協会設立前後の事情とその後の流れ


● 自称教師が続々と統一のために協会設立へ

 前述したように、戦後、猛然と襲ったダンスブームは、進駐軍の上陸とともに拡まった。

・証言1(若林)進駐軍は、真駒内に基地が完成するまで、小樽と函館に1万5千人が駐留した。進駐軍の要請もあって小樽に5ヵ所、函館に2ヵ所、進駐軍と日本人用のホールができた。

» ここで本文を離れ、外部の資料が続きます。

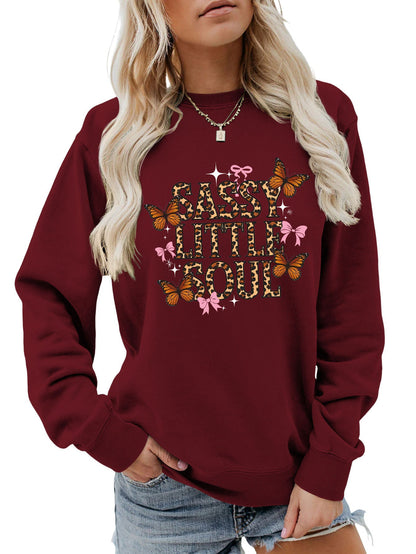 Damen Sweatshirt Schmetterlingsdesign Baumwolle Norvielle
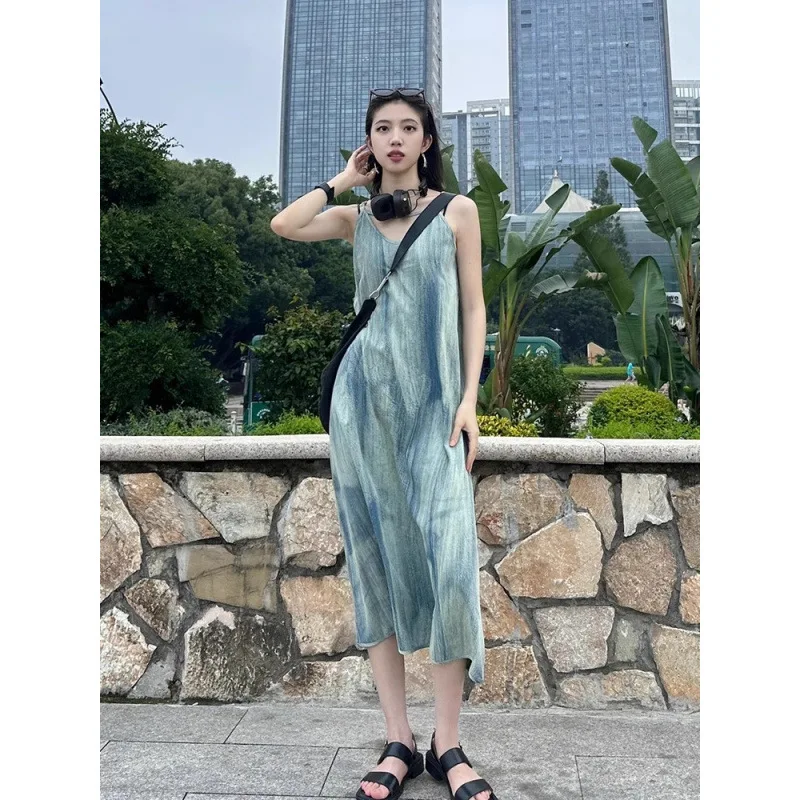 Elegant Tie Dye off Shoulder Long Dress Women's Summer Loose Casual Style Beach Vacation Gown High Waist A-Line Skirt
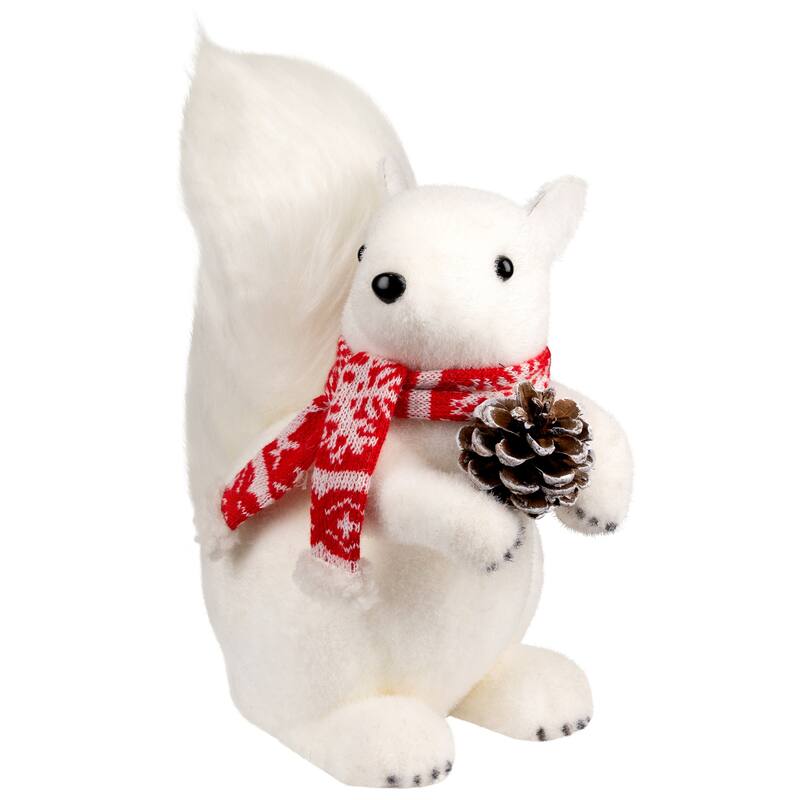 Sitting Squirrel with Snowflake Scarf Christmas Figure - 10.5" - White and Red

 ダンス熱はとどまるところを知らないかのように都市といわず農漁村といわずに高まっていった。当然のことに習う側に対して教える側の需要も急がれた。統一団体のない当時、正規の資格をとりにくかったせいもあったが、教師と自称するダンスマニアが多数出現した。

・証言2 (日向)自分勝手に教室の看板をあげていたのが大勢いた。結果は、あの先生はこういった。あの先生は違うじゃないかとバラバラで、ハッタリをきかせたものが偉そうな顔をしていた時代で、その実スタンダードもわからないのがいた。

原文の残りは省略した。